问题
Could you briefly explain me to understand this?
回答1:
Looking at the generated bytecode:
public static void main(String[] args) {
int x = 1;
int y = 1;
int z = 1;
int a = 1;
int b = 1;
x = x + 1;
y++;
++z;
a += 1;
b += 2;
}
generates (use javap -c classname)
0: iconst_1
1: istore_1
2: iconst_1
3: istore_2
4: iconst_1
5: istore_3
6: iconst_1
7: istore 4
9: iconst_1
10: istore 5
12: iload_1
13: iconst_1
14: iadd
15: istore_1
16: iinc 2, 1
19: iinc 3, 1
22: iinc 4, 1
25: iinc 5, 2
28: return
So using (jdk1.6.0_18):
x = x + 1
creates
12: iload_1
13: iconst_1
14: iadd
15: istore_1
whereas
y++;
++z;
a += 1;
all result in
iinc
However, doing a rough performance test on my laptop resulted in next to no difference in the runtime between the two (sometimes ++x was quicker, sometimes x=x+1 was quicker), so I wouldn't worry about the performance implications.
回答2:
First of all, the Java Language Specification doesn't say anything about timing. But assuming we're using a typical compiler such as Suns javac we see that all of the above examples (a++, ++a, a += 1, a = a + 1) could either be compiled into something like:
iincinstruction, working on variables:iload_<variable> iinc <variable>, 1 istore_<variable>iaddinstuction, using the stack (here using variable1as a the storage):iload_1 iconst_1 iadd istore_1
It's up to the compiler to choose the best possible way to compile them. E.g. there is no difference between them. And it shouldn't be any difference between the statements - they all express the same thing - adding one to a number.
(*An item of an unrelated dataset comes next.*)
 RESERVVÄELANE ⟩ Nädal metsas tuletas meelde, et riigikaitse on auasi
That beeing said, both the iinc and the iadd version can be compiled using the JIT to something fast and platform dependent, and in the end I would assume that a normal runtime compiles both versions into the same assembler code.
With my compiler, *jdk1.6.0_20* the "increment" methods even uses the same instruction.
public class Test {
public static void main(String[] args) {
int a = 0;
a = a + 1;
a += 1;
a++;
++a;
}
}
This is the disassembly:
Compiled from "Test.java"
public class Test extends java.lang.Object{
public Test();
Code:
0: aload_0
1: invokespecial #8; //Method java/lang/Object."<init>":()V
4: return
public static void main(java.lang.String[]);
Code:
0: iconst_0
1: istore_1
2: iinc 1, 1 // a = a + 1;
5: iinc 1, 1 // a += 1;
8: iinc 1, 1 // a++;
11: iinc 1, 1 // ++a;
14: return
}
回答3:
No, there won't be any noticeable difference. Use what you find the most readable (which is a++, normally).
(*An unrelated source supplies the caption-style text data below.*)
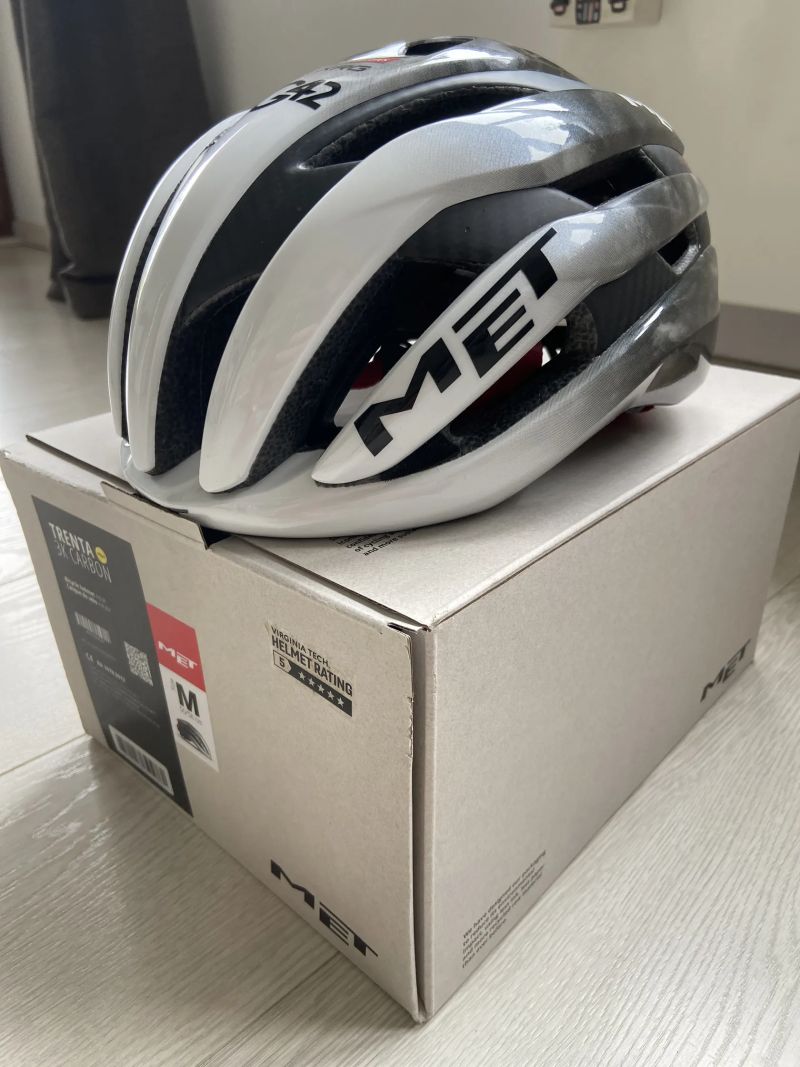 Met Trenta 3K carbon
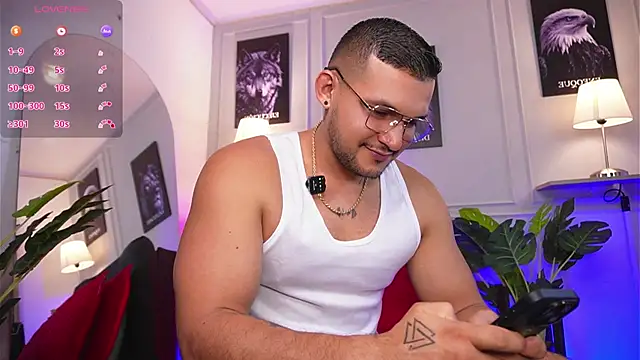 Snapshot of Marco_Vega chatting on May 11, 2026, 6:27 pm Marco Vega online show from May 11, 2026, 6:27 pm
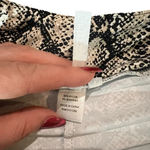 Lulu B UPF 50+ Women's 1X Snakeskin Print‎ Elastic Waist Skort Black Photo 3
First rule of code optimization: don't.
回答4:
The compiler should optimize and there should be no difference at all. But keep in mind that prefix increment operator may be (it depends by the compiler) faster than the postfix equivalent (in C++ and C# also):
++a faster than a++ because the postfix operator must create a temporary variable.. think about their implementation:
prefix:
a = a + 1;
return a;
postfix:
int tmp = a;
a = a + 1;
return tmp;
回答5:
a++ is much faster. It converts to INC command of assembler.But I think JVM will optimize a=a+1 so you don't need to care about that.
回答6:
It's the same, and nowadays with compiler optimization should not be aware of that stuff, to increase your performance check other bigger issues like allocs :)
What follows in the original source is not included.